The District of Columbia City Council may soon impose a new excise tax on “sugary” beverages. At 1.5 percent per ounce, it would be the third-highest in the country, after Seattle, Washington and Boulder, Colorado, which levy a 1.75 and 2 cent-per-ounce tax respectively.
Introduced on October 9, 2019 by Councilmember Brianne Nadeau, the Healthy Beverage Choices Act would raise an estimated $21 million annually and apply to any beverage with “natural common sweeteners,” including sports drinks, sweetened iced coffees and teas, juices, coconut water, and kombucha. The price of a two-liter bottle of soda in D.C. would increase by 46 percent, from $2.19 to $3.20.
The excise tax proposal was introduced one week after the sales tax on sugary drinks increased by 33 percent, from 6 percent to 8 percent, which would raise an estimated $3.2 million annually. In other words, the excise tax would raise 650 percent more than the sales tax.
It is not as if the nation’s capital needs new revenue for any purpose. In 2019, D.C. boasted a historic budget surplus of $872 million. Any funds needed for the purported purposes of either the sales tax or the excise tax are readily available without either tax.
Indeed, revenue from both taxes are supposed to be used for various programs to improve municipal health, an interesting objective for a city consistently named as one of the healthiest in the U.S. And there is no guarantee that the money will not be used for such programs. In Seattle, the city imposed a soda tax in 2017 to fund “job training programs, initiatives aimed at closing the food gap, and support programs for at-risk children.” The nearly $6 million in revenue generated by the tax was simply dumped into the general fund.
Philadelphia’s 1.4 cent-per-ounce soda tax, enacted in 2016, also failed to produce its promised results. A Stanford University report found that the tax was “ineffective at reducing consumption of unhealthy products” and instead of choosing alternative beverages, individuals repeatedly chose to travel to neighboring municipalities to obtain the sugary drinks they want at a lower cost. Soda sales decreased by 51 percent in the city and increased by 43 percent outside the city limits.
A soda tax does not prevent people from drinking what they want. Individuals purchase these drinks elsewhere, which hurts the local economy. As a regressive tax, it disproportionately impacts the low-income families the measure purports to help.
These taxes do not raise the estimated revenue because of the easy availability of alternative sources for these beverages. Maryland does not have a sugary beverage excise tax, and Virginia’s carbonated drink excise tax is imposed on manufacturers.
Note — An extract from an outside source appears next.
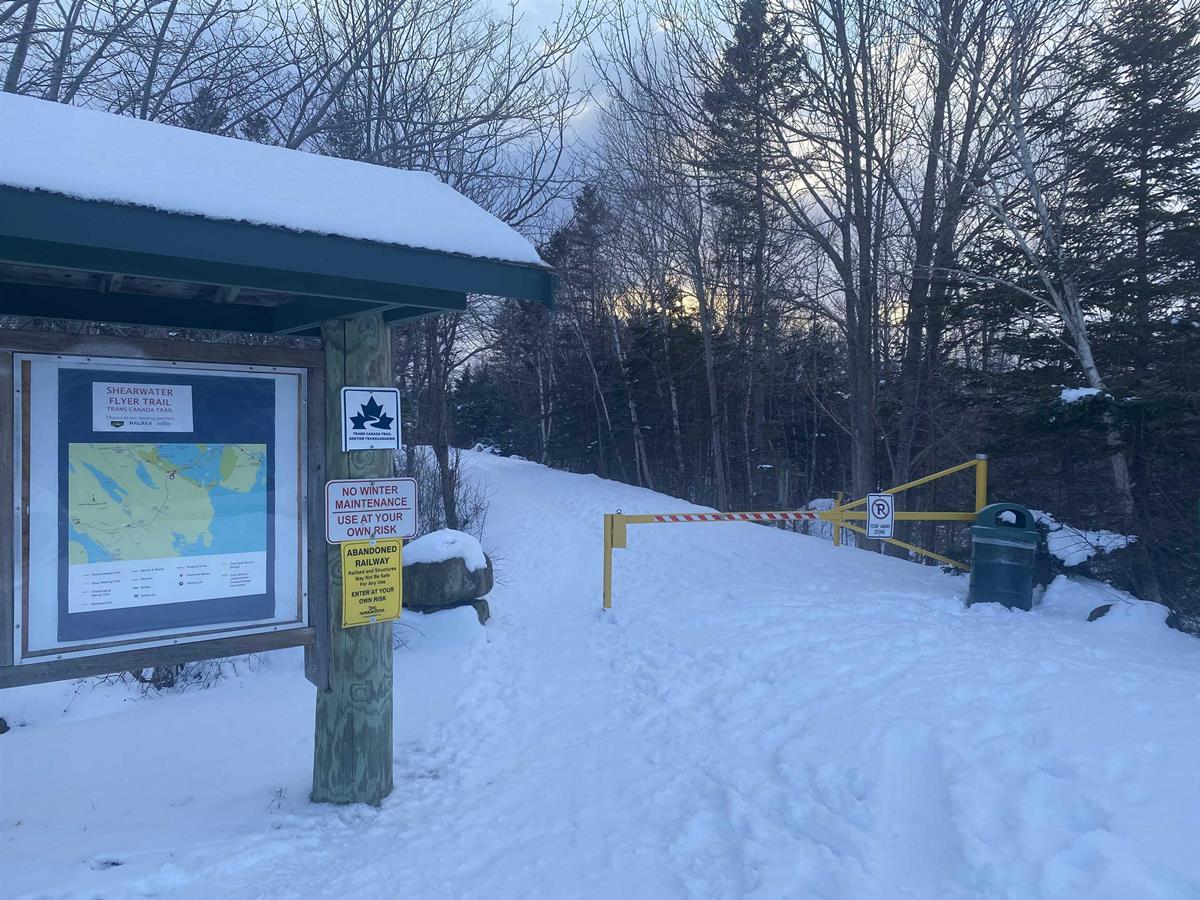 167 Bissett Road, Cole Harbour, (MLS® 202303508) RE/MAX nova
Since D.C. is less than half the size of Philadelphia and many residents already shop outside the city limits, the decrease inside the city and increase outside the city will be even more pronounced that it was in Philly.
Rather than doubling down on the well-documented failures of Philadelphia and Seattle, D.C. should emulate cities and states that have removed or banned new soda taxes. In Cook County, Illinois, the soda tax was so unpopular that it was repealed by a vote of 15-1 a few months after its implementation. Arizona, Michigan, and Washington have chosen to eliminate the option to tax sugary drinks even before the food police put the proposals on the table.
Taxpayers and businesses in the D.C. are speaking out against the new taxes. More than 200 small businesses, restaurants, grocers, and corner stores have joined the Alliance for an Affordable DC, a citizens group opposed to any new taxes on everyday grocery items. Alliance member Tyrone Celey, who owns Compact Market in Trinidad, expressed his concerns about the new tax: “I’m most worried about my customers because as a small business, I can’t afford to absorb this tax, which means I’ll be forced to pass it along to them.”
Yared Gebru, owner of Elmira Market, an 11 year-old family business half a mile from the Maryland state line, explained that if the tax was implemented, many of his customers would simply “walk a couple more blocks to save a couple dollars on their purchase” across the border.
In a city that imposes an 8.95 percent income tax, tied for seventh highest in the country, the last thing residents need is a massive cash grab through an unfair, unworkable, and ineffective beverage tax. If the City Council believes the programs that would be funded by the new taxes are so critical, they should use or reallocate some of the ample resources they have from their record budget surplus.